[Scraped caption text data]
┌──

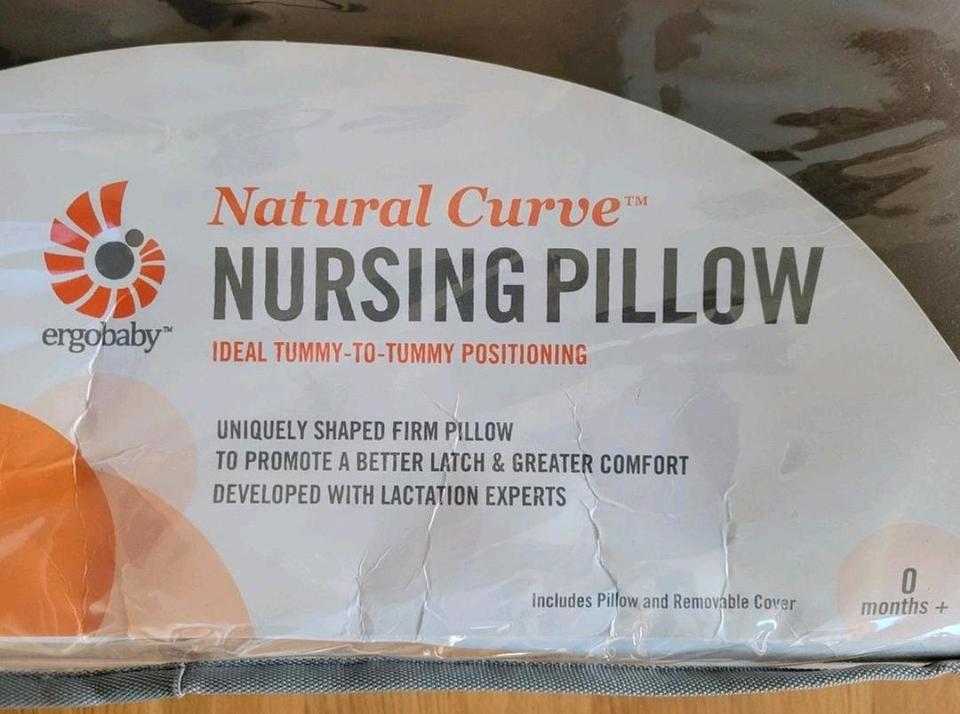 Ergobaby Stillkissen Nursing Pillow flauschig ergonomisch in Karlshuld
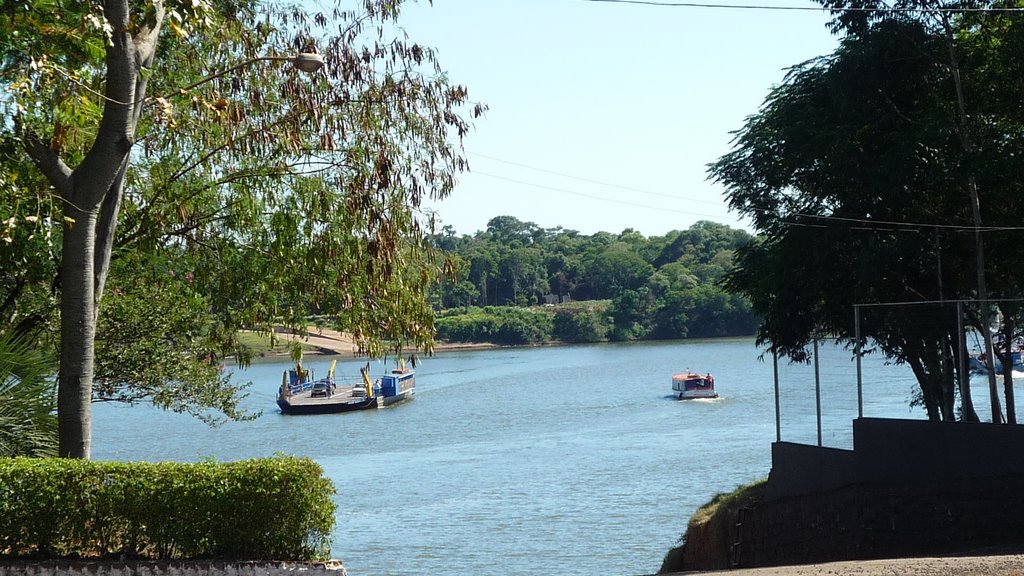 Rio Uruguai, Porto Xavier, RS by Ubirajara Buddin Cruz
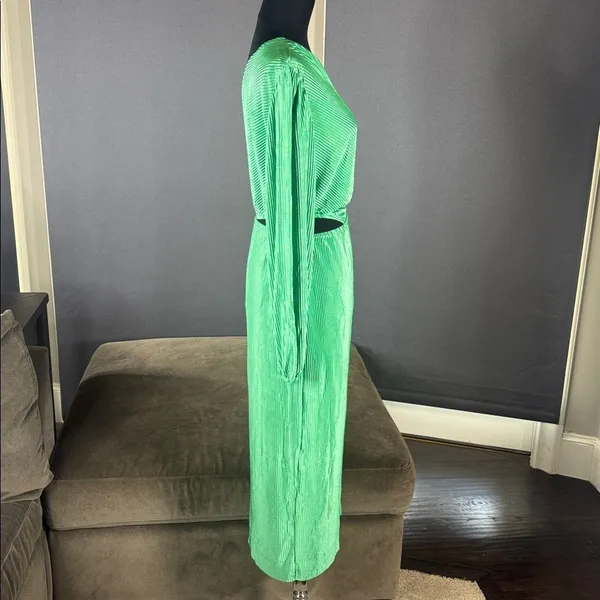 Women’s Green One-Shoulder Midi Dress Side Cut Out Side Zip Size M NWOT - Image 3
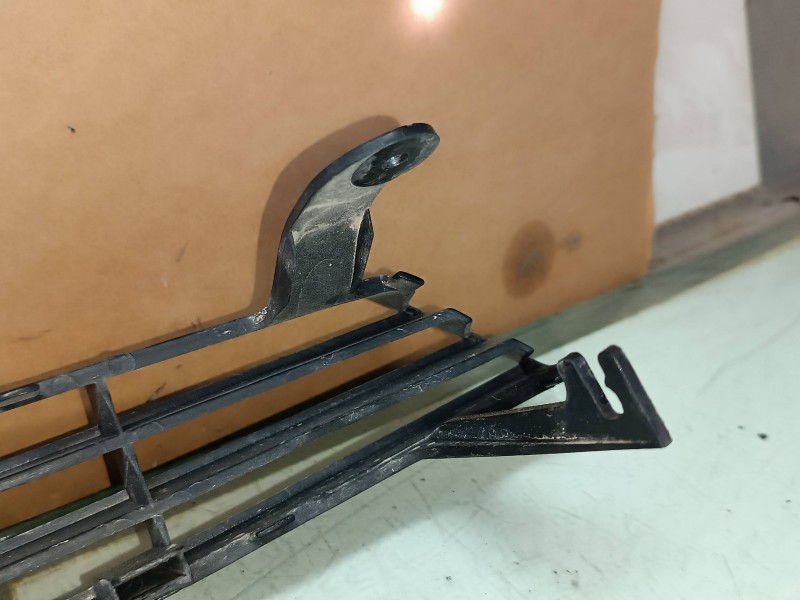 Recambio de rejilla delantera para ford focus berlina (cak) ambiente referencia OEM IAM C8S4A  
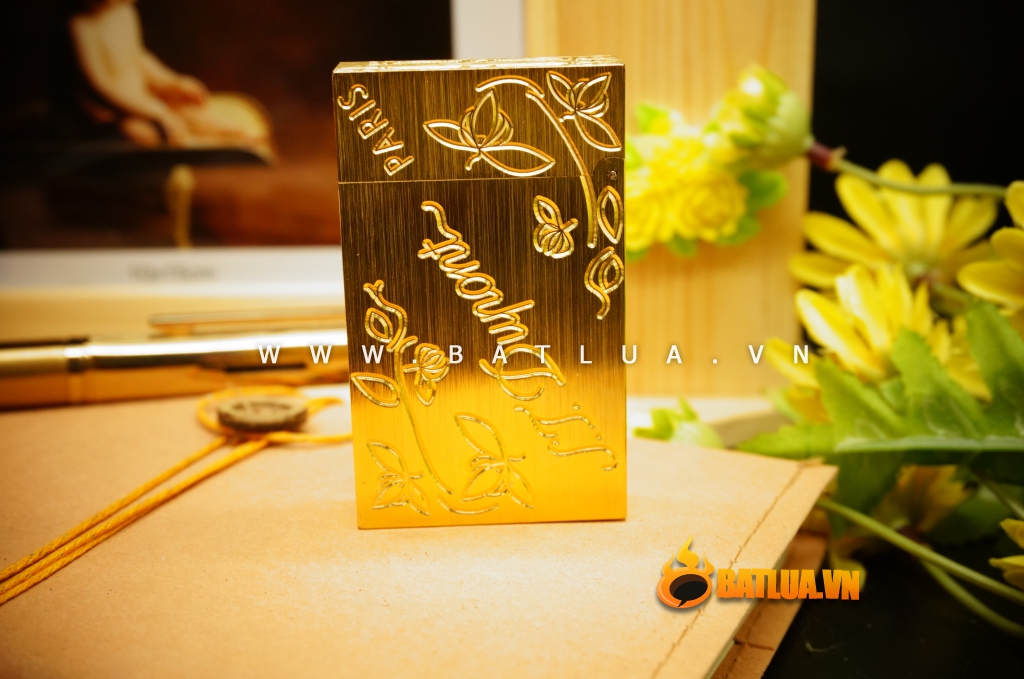 Bật Lửa S.T.Dupont chữ Dupont hoa lá khắc chìm Mẫu 90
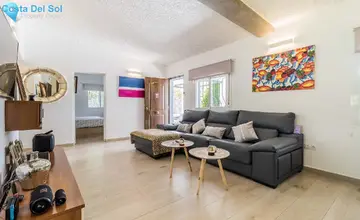 2 bedroom House for Sale in Estepona-5140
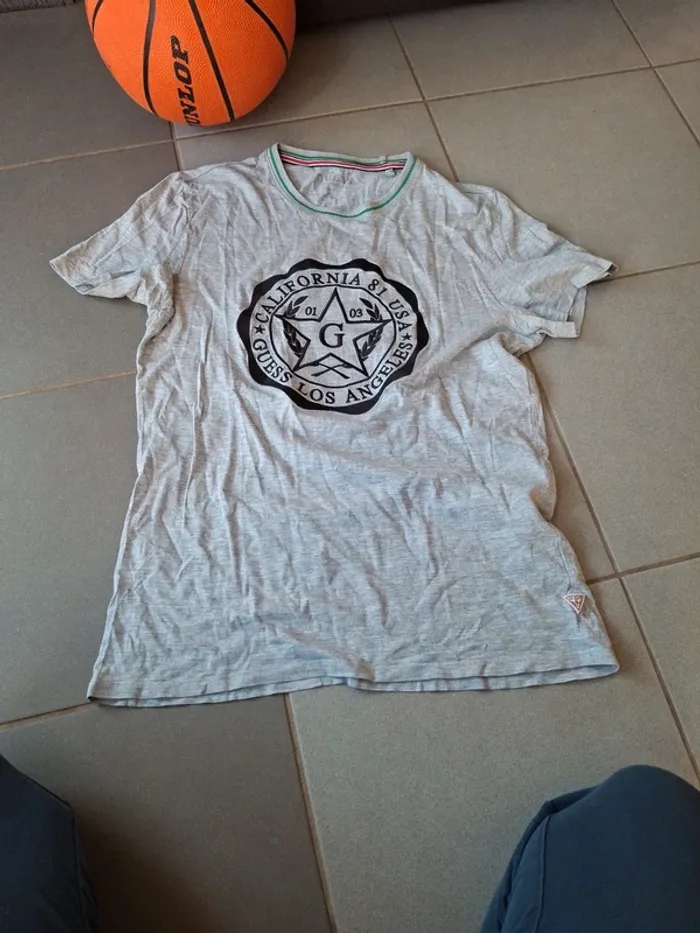 Tee-shirt guess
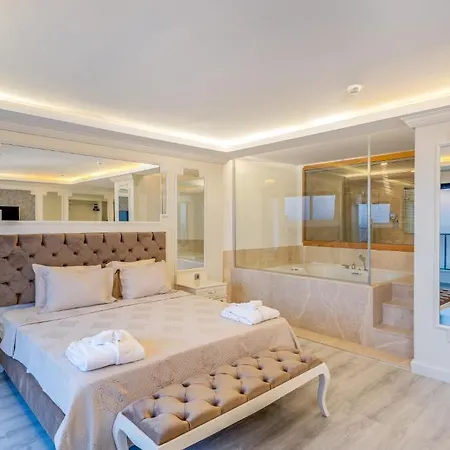 Aria Resort & Spa-3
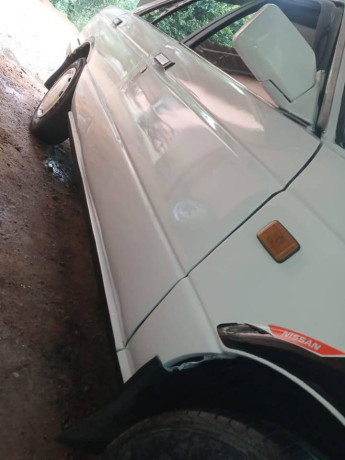 nissan-e-x-saloon-big-4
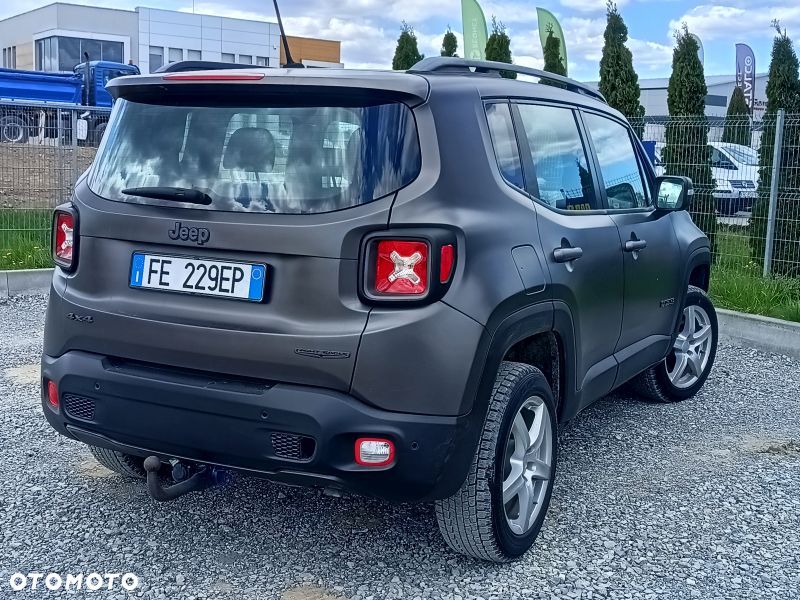 Jeep Renegade - 12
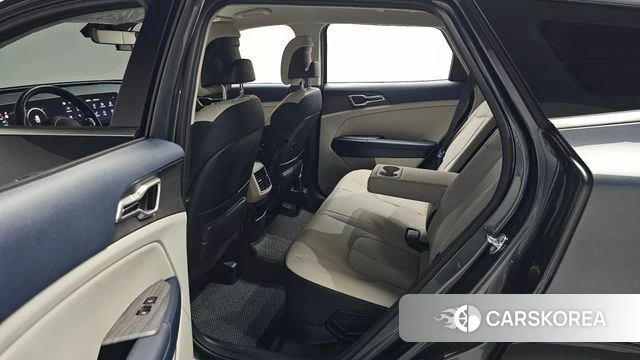 Kia Sportage 5th Generation Hybrid 2024 Серый из Кореи, фото 2
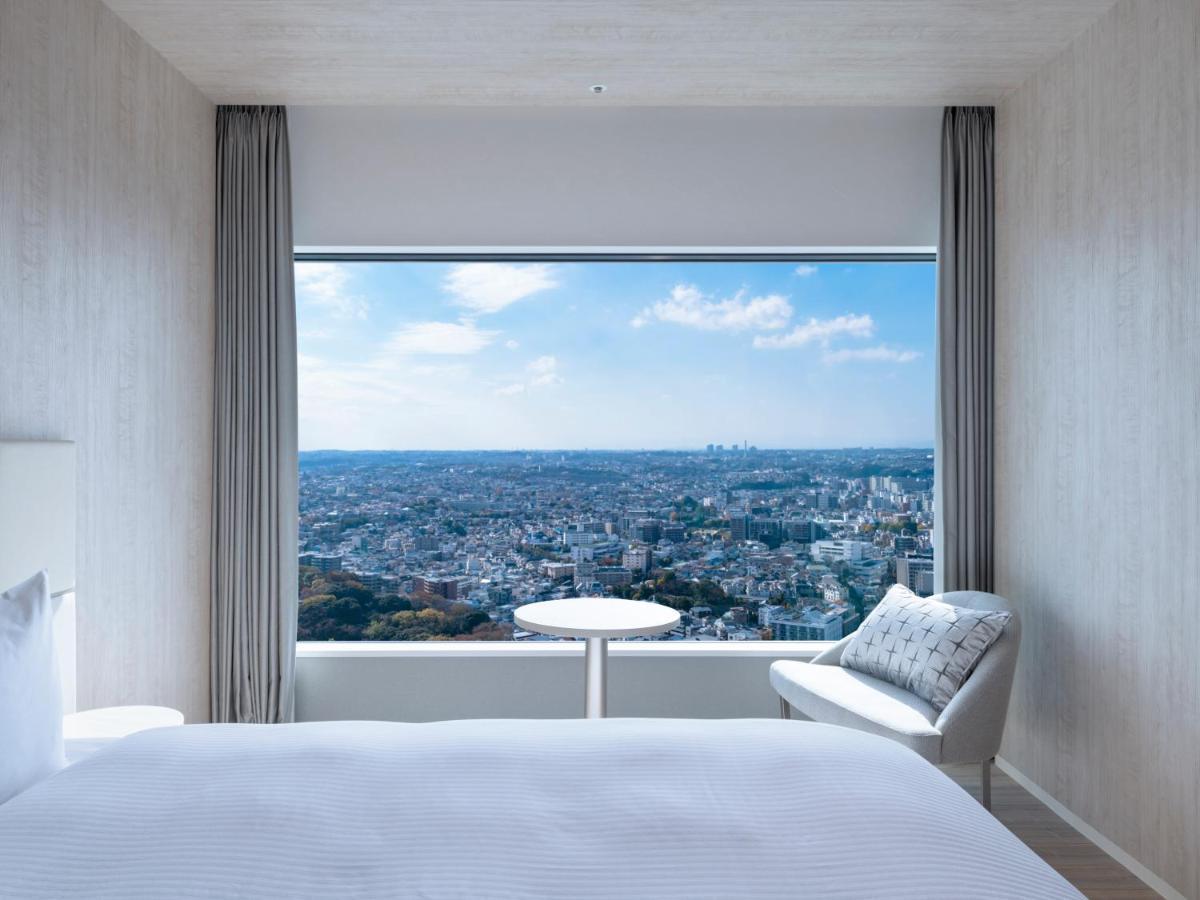 Mitsui Garden Hotel Yokohama Minatomirai Premier Экстерьер фото A guest room at the hotel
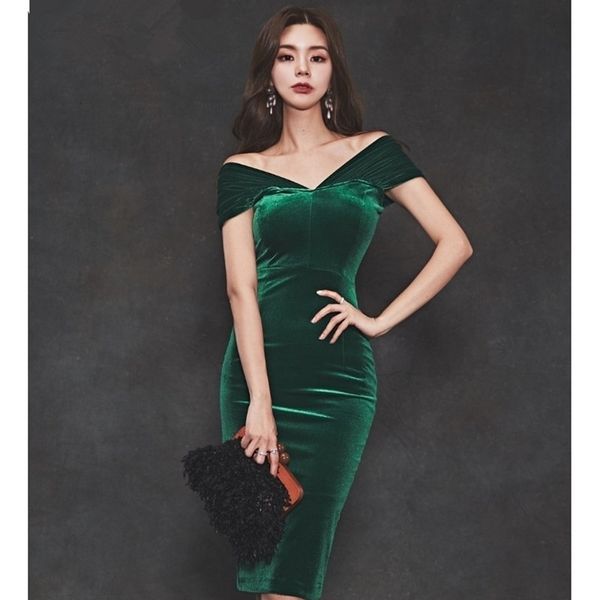 

elegant green off the shoulder velvet bodycon dress women spring draped ruched pencil sheath es ol fitted 210525, Black;gray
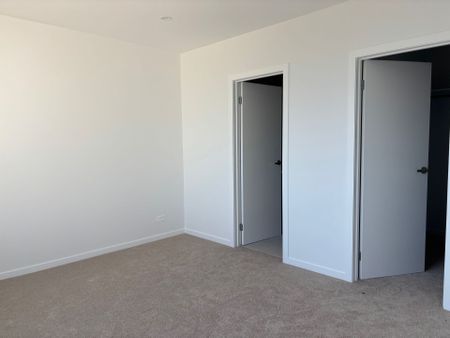 Charming 3-Bed Unit in Craigieburn - Photo 3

└──

• _WORK TO COMPLETE_: So that the copy stays exact, reproduce each record word for word and leave its images out.

• _ANSWER BELOW_:
 Ergobaby Stillkissen Nursing Pillow flauschig ergonomisch in Karlshuld
 Rio Uruguai, Porto Xavier, RS by Ubirajara Buddin Cruz
 Women’s Green One-Shoulder Midi Dress Side Cut Out Side Zip Size M NWOT - Image 3
 Recambio de rejilla delantera para ford focus berlina (cak) ambiente referencia OEM IAM C8S4A  
 Bật Lửa S.T.Dupont chữ Dupont hoa lá khắc chìm Mẫu 90
 2 bedroom House for Sale in Estepona-5140
 Tee-shirt guess
 Aria Resort & Spa-3
 nissan-e-x-saloon-big-4
 Jeep Renegade - 12
 Kia Sportage 5th Generation Hybrid 2024 Серый из Кореи, фото 2
 Mitsui Garden Hotel Yokohama Minatomirai Premier Экстерьер фото A guest room at the hotel

elegant green off the shoulder velvet bodycon dress women spring draped ruched pencil sheath es ol fitted 210525, Black;gray
 Charming 3-Bed Unit in Craigieburn - Photo 3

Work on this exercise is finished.